Is it possible to highlight only the parts which were searched for? Like in my example.


Solution

  • While searching a bit more on this I came to a conclusion that to make such highlighting work one needs to tweak index generation methods and split indices by parts so offsets would be properly calculated.

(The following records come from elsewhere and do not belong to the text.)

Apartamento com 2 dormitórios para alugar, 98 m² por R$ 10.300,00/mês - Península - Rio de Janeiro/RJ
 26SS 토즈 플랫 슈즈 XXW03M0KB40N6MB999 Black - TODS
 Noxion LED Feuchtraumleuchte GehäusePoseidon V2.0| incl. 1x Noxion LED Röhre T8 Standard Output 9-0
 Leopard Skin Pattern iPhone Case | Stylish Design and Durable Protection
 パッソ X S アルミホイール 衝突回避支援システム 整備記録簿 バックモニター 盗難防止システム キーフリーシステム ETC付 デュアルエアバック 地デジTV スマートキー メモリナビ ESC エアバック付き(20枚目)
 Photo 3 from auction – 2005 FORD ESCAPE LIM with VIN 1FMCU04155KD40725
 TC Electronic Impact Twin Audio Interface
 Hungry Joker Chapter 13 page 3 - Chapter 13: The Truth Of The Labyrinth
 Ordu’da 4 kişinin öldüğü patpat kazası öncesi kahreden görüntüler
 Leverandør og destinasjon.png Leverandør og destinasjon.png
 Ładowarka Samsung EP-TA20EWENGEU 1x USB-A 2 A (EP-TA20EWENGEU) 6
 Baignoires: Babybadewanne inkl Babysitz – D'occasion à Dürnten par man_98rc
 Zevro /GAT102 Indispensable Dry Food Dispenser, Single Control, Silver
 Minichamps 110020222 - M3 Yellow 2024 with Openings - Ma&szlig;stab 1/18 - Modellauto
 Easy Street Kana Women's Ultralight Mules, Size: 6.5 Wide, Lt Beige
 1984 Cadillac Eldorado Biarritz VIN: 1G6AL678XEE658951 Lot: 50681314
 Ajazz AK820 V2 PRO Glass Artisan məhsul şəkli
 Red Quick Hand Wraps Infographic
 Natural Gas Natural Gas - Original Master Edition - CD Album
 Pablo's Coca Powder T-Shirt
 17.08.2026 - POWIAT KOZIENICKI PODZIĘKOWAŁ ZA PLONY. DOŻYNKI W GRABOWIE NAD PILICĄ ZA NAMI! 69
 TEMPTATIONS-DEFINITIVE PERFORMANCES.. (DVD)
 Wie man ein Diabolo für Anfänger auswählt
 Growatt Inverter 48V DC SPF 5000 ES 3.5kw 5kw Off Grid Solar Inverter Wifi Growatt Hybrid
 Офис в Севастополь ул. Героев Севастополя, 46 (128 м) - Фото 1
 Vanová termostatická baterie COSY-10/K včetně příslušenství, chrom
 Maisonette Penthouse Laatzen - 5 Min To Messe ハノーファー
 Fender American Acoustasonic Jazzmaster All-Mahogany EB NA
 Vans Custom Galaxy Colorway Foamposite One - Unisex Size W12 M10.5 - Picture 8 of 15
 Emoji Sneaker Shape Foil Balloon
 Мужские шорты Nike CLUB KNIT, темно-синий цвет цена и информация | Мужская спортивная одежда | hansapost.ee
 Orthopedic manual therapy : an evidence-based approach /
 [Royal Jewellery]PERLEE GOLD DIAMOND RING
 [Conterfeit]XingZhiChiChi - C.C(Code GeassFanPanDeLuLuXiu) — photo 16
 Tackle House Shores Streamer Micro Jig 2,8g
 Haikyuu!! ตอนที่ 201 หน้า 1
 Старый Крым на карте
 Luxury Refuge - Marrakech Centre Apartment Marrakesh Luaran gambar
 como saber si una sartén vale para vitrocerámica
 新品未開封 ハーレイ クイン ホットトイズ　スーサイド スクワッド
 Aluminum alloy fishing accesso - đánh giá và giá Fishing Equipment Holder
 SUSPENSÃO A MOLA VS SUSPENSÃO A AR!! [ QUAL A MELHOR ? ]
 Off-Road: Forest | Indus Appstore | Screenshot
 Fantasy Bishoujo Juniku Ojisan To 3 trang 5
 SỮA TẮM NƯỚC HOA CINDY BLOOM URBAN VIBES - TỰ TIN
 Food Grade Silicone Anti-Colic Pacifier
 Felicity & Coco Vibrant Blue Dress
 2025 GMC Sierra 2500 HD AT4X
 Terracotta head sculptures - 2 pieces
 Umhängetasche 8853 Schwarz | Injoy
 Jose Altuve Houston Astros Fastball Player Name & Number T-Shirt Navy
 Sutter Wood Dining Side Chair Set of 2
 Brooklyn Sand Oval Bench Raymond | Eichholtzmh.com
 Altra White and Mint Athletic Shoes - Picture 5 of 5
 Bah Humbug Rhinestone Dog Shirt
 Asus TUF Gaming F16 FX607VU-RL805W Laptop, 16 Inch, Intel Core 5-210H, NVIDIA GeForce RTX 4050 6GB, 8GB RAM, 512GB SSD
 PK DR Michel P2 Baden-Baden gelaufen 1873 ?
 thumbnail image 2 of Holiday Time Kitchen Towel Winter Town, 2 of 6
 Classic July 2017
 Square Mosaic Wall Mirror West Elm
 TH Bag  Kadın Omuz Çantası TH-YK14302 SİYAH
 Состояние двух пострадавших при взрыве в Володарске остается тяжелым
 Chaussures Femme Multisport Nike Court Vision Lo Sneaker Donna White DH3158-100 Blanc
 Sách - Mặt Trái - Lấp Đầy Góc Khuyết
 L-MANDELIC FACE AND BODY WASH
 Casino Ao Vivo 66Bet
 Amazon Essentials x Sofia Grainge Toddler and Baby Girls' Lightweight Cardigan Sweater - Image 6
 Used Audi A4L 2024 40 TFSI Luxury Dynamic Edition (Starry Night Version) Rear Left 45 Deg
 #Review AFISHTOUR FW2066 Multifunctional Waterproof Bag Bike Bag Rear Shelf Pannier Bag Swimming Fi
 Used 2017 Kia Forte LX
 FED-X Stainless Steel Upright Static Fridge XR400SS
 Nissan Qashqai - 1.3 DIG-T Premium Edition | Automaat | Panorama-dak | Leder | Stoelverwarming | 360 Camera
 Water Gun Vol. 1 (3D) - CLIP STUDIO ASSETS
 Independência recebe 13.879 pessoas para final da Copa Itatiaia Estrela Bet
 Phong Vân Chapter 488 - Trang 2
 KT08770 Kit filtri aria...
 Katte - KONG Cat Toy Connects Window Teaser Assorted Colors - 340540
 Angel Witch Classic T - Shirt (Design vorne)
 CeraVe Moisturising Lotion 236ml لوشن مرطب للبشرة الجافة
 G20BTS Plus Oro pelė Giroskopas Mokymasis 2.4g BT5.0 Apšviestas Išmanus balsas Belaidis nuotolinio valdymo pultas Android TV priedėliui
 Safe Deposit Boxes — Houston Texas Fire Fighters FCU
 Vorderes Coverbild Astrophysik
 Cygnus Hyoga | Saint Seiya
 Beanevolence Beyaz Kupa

Or else highlighting will highlight only surrounding words (fragments) entirely.

    So based on this I've managed to build a simple highlighter of my own.

    public class Highlighter
    {
        private const string TempStartToken = "\x02";
        private const string TempEndToken = "\x03";
    
        private const string SearchPatternTemplate = $"[{TempStartToken}{TempEndToken}]*{{0}}";
        private const string ReplacePattern = $"{TempStartToken}$&{TempEndToken}";
    
        private readonly ConcurrentDictionary<HighlightKey, Regex> _regexPatternsCache = new();
    
        private static string GetHighlightTypeTemplate(HighlightType highlightType) =>
            highlightType switch
            {
                HighlightType.Starts => "^{0}",
                HighlightType.Contains => "{0}",
                HighlightType.Ends => "{0}$",
                HighlightType.Equals => "^{0}$",
                _ => throw new ArgumentException($"Unsupported {nameof(HighlightType)}: '{highlightType}'", nameof(highlightType)),
            };
    
        public string Highlight(string text, IReadOnlySet<string> words, string startToken, string endToken, HighlightType highlightType)
        {
            foreach (var word in words)
            {
                var key = new HighlightKey
                {
                    Word = word,
                    HighlightType = highlightType,
                };
    
                var regex = _regexPatternsCache.GetOrAdd(key, _ =>
                {
                    var parts = word.Select(w => string.Format(SearchPatternTemplate, Regex.Escape(w.ToString())));
                    var pattern = string.Concat(parts);
                    var highlightPattern = string.Format(GetHighlightTypeTemplate(highlightType), pattern);
    
                    return new Regex(highlightPattern, RegexOptions.IgnoreCase | RegexOptions.CultureInvariant | RegexOptions.Compiled);
    
                });
                
                text = regex.Replace(text, ReplacePattern);
            }
    
            return text
                .Replace(TempStartToken, startToken)
                .Replace(TempEndToken, endToken)
            ;
        }
    
        private record HighlightKey
        {
            public string Word { get; init; }
            public HighlightType HighlightType { get; init; }
        }
    }
    
    public enum HighlightType
    {
        Starts,
        Contains,
        Ends,
        Equals,
    }
    

    Use it like this:

    var queries = new[] { "abc" }.ToHashSet();
    var search = "a ab abc abcd abcde";
    
    var highlighter = new Highlighter();
    var outputs = search
        .Split((string[])null, StringSplitOptions.RemoveEmptyEntries | StringSplitOptions.TrimEntries)
        .Select(w => highlighter.Highlight(w, queries, "<b>", "</b>", HighlightType.Starts))
    ;
    
    var result = string.Join(" ", outputs).Dump();
    Util.RawHtml(result).Dump();
    

    Output looks like this:

    a ab <b>abc</b> <b>abc</b>d <b>abc</b>de
    
    a ab abc abcd abcde

    I'm open to any other better solutions.